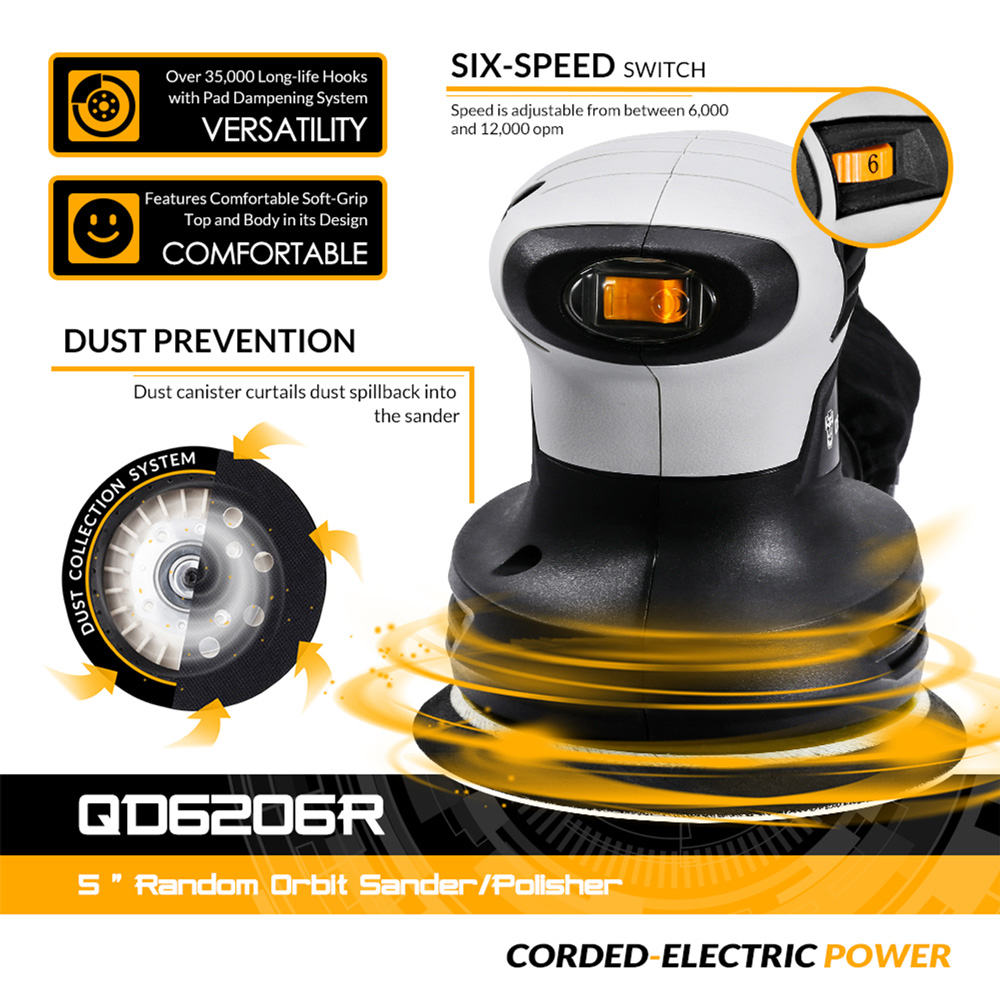 280W/320W/350W Random Orbit Sander with 8 Hole 125Mm Sandpaper and Variable Speed Sander Power Tools (DKSD28Q1)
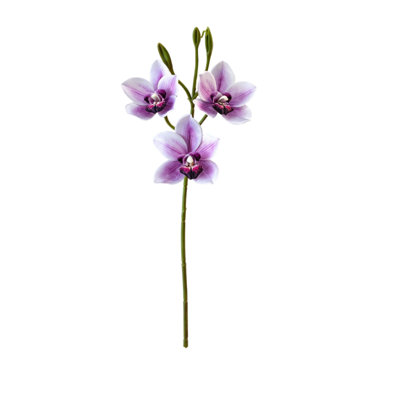 Kondieu Fleurs artificielles pour décoration intérieure Bouquet de fleurs d'orchidée cymbidium artificiel à trois têtes Arrangement floral pour fête de mariage et centre de table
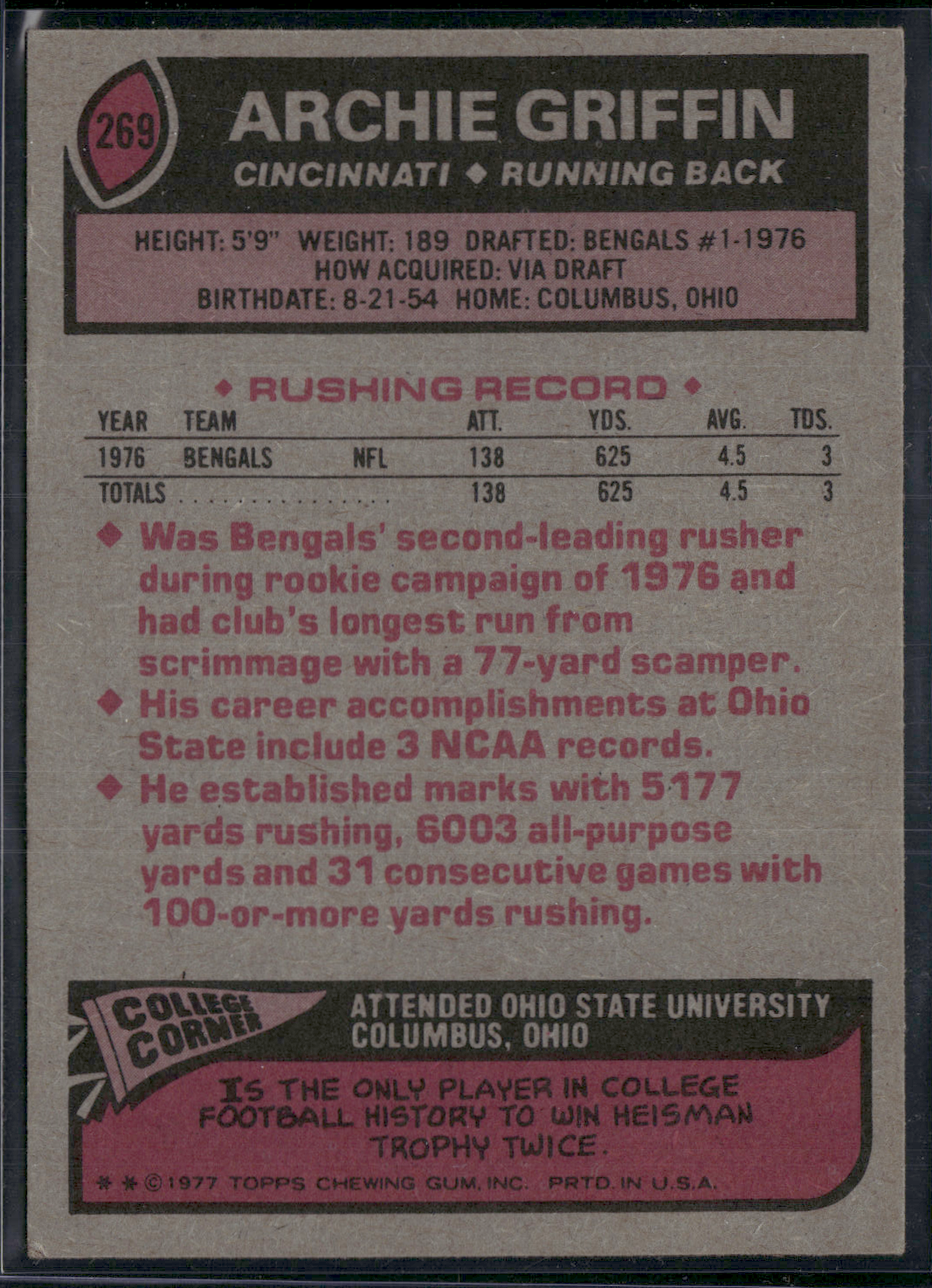 1977 Topps ARCHIE GRIFFIN #269 Light Wrinkle (VG/EX)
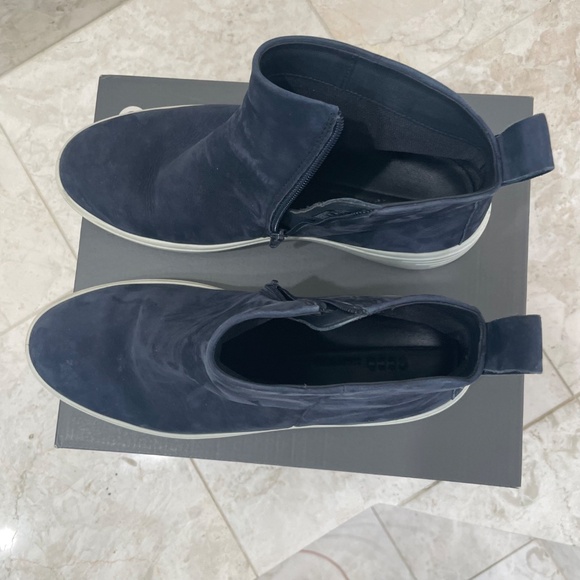 ECCO {41} Ankle Boots Navy Blue White Wedge "Night Sky" - Picture 4 of 9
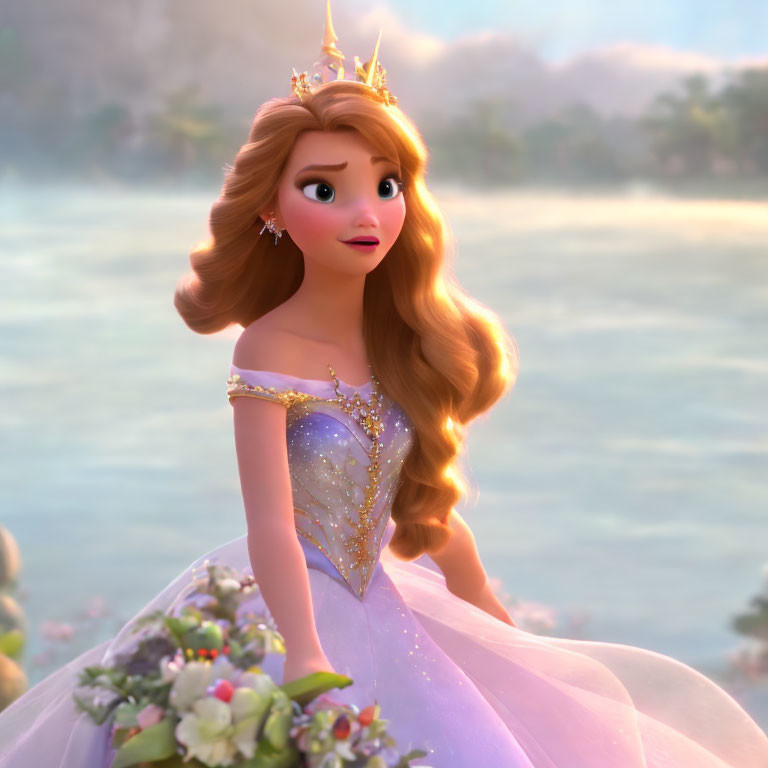 Long-haired princess in detailed gown against misty background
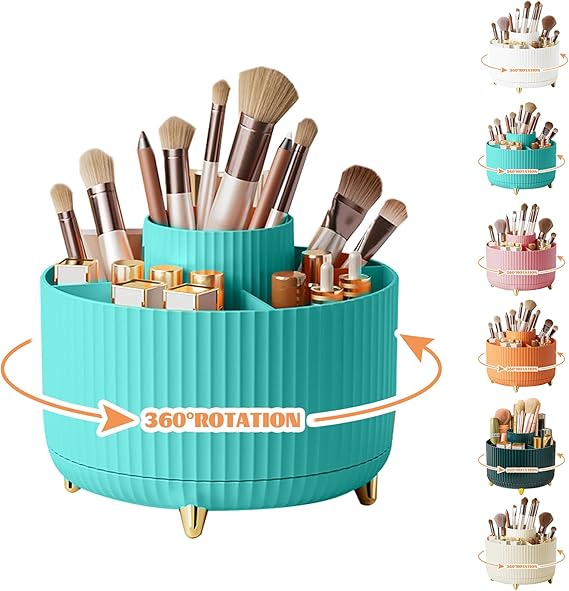360° Drehbarer Make-up Organizer | Kosmetik Aufbewahrung Box mit 5 Fächern, Rotating Cosmetic Storage für Schminktisch, Badezimmer & Zimmer Deko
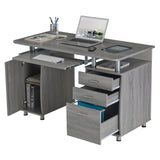 Grey Complete Workstation Computer Desk with Storage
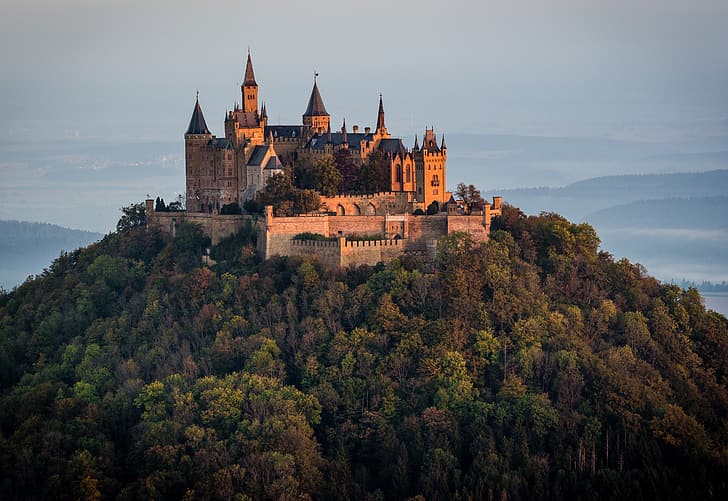 Landschaft, Natur, Burg, Berg, Deutschland, Wald, Hohenzollern, Türmchen, HD-Hintergrundbild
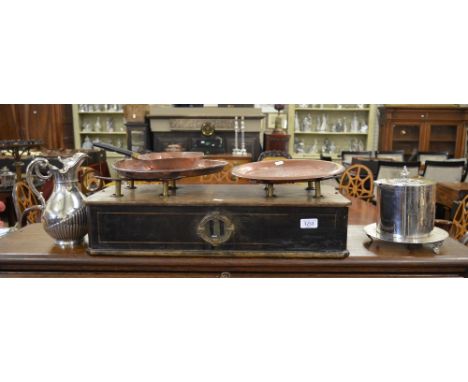 A set of French grocer's scales, to/w an electro plated hot-water jug, biscuit barrel and three copper items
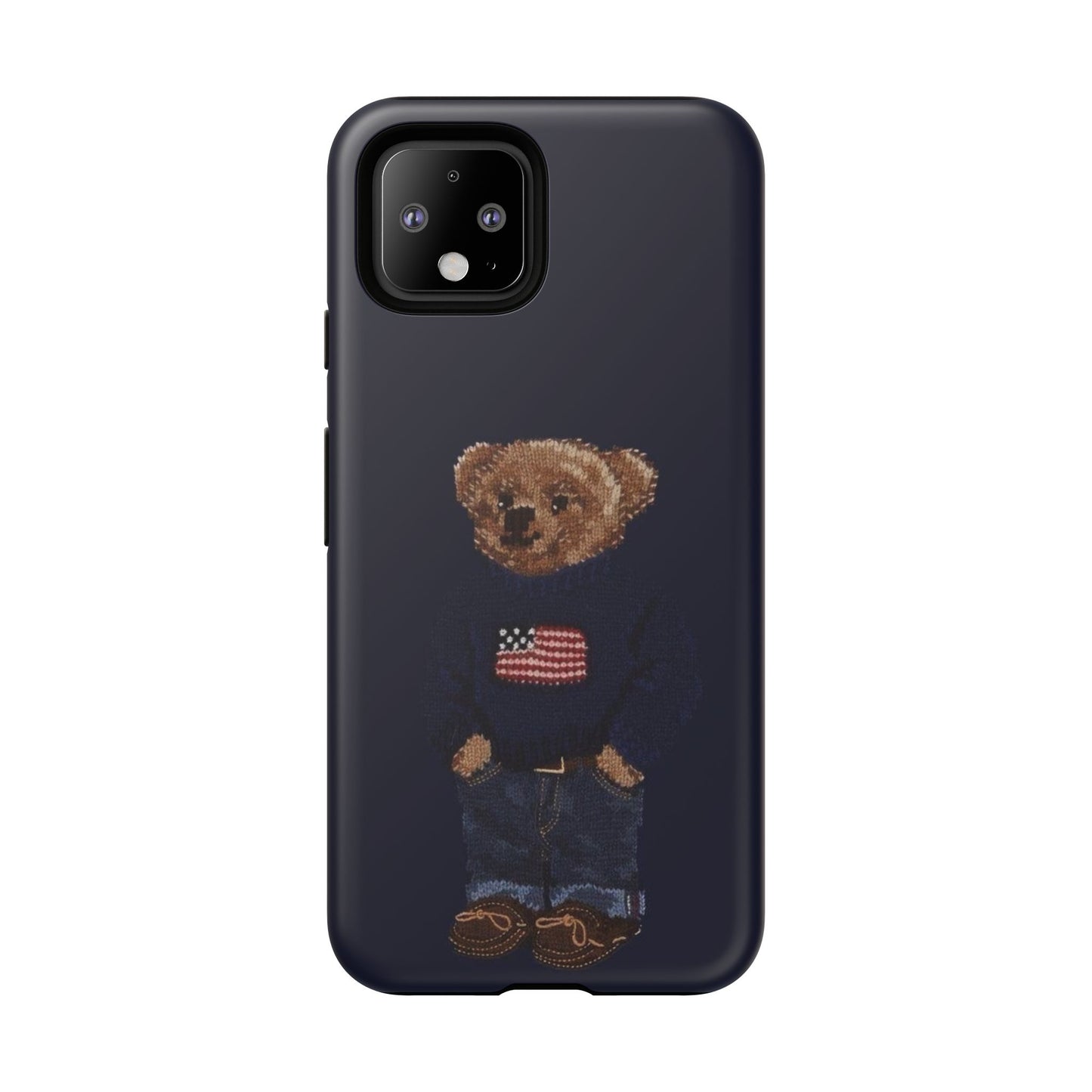Patriotic Polo Bear Phone Case — Navy Protective Tough Case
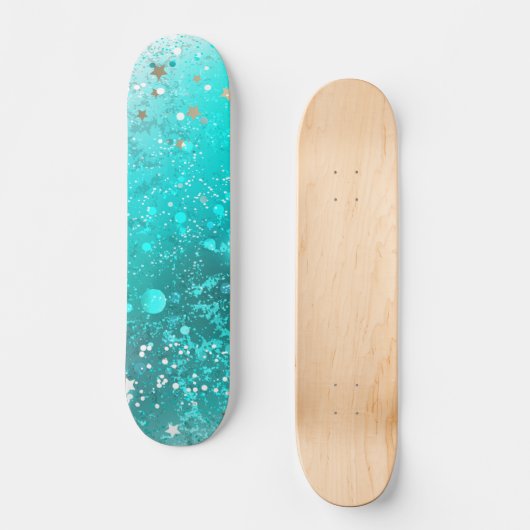 Mint Turquoise Foil Hintergrund Skateboard (Vorderseite)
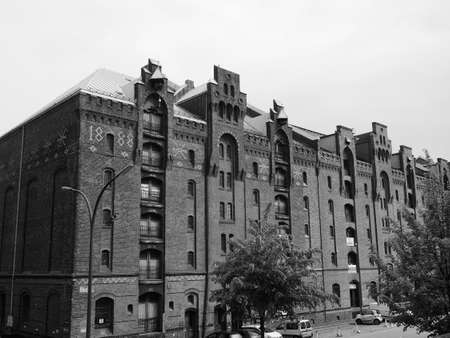 HAMBURG, GERMANY - CIRCA MAY 2017: HafenCity quarter in the district of Hamburg Mitte on the Elbe river island Grasbrook on former Hamburger Hafen (Port of Hamburg) in black and whiteのeditorial素材
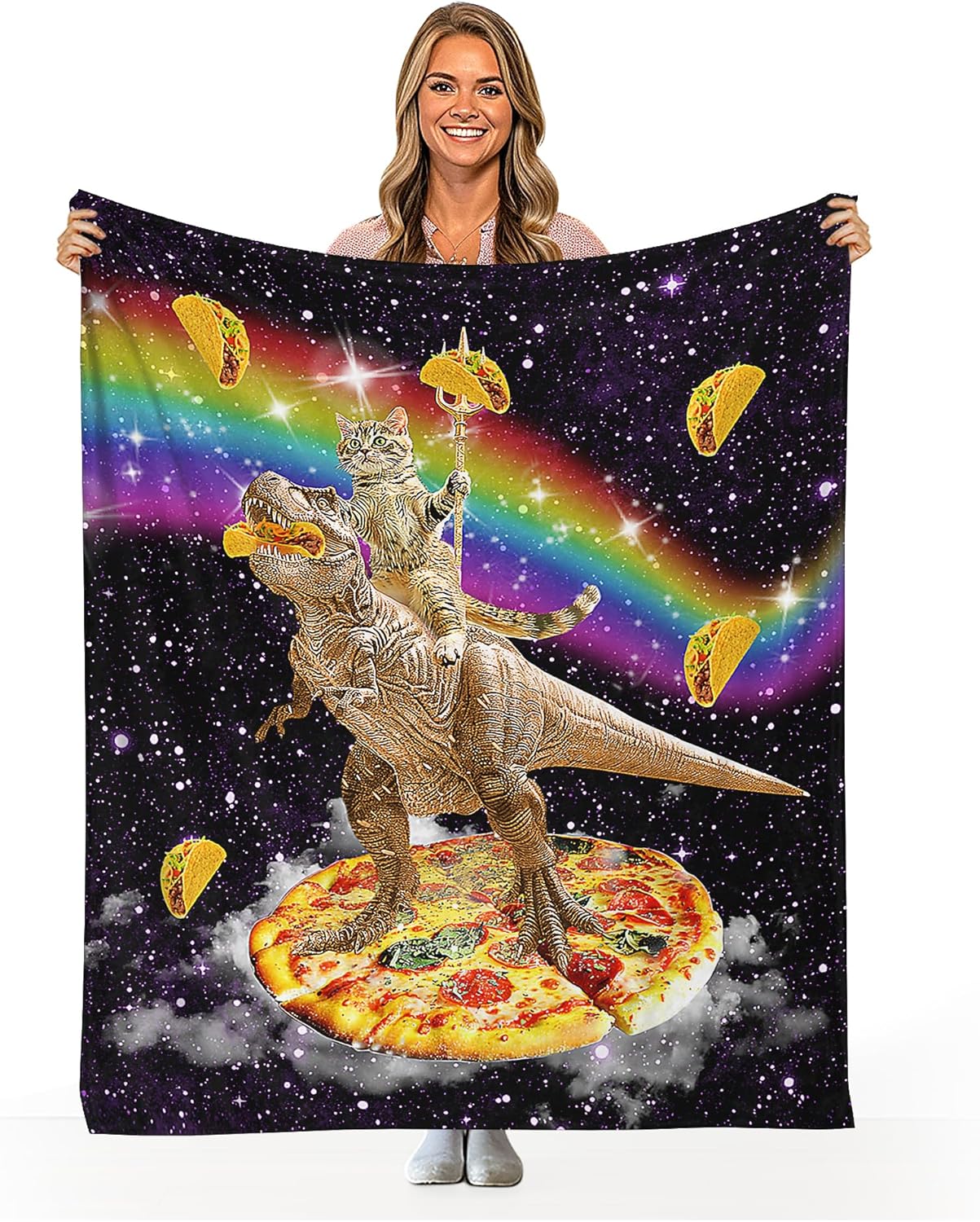 Funny Cat Dinosaur Pizza Print Throw Blanket, Galaxy Space Rainbow Taco Food Throws Blanket Super Soft Cozy and Plush Warm Flannel Bedding Blanket Gift for Couch Sofa Travel 60x50 Inch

________________________________________

Exercise:
Every line between the start of the listing and the line containing "1977 Topps ARCHIE", both ends counted, needs to be printed exactly, minus the pictures.

Solution:
 280W/320W/350W Random Orbit Sander with 8 Hole 125Mm Sandpaper and Variable Speed Sander Power Tools (DKSD28Q1)
 Kondieu Fleurs artificielles pour décoration intérieure Bouquet de fleurs d'orchidée cymbidium artificiel à trois têtes Arrangement floral pour fête de mariage et centre de table
 1977 Topps ARCHIE GRIFFIN #269 Light Wrinkle (VG/EX)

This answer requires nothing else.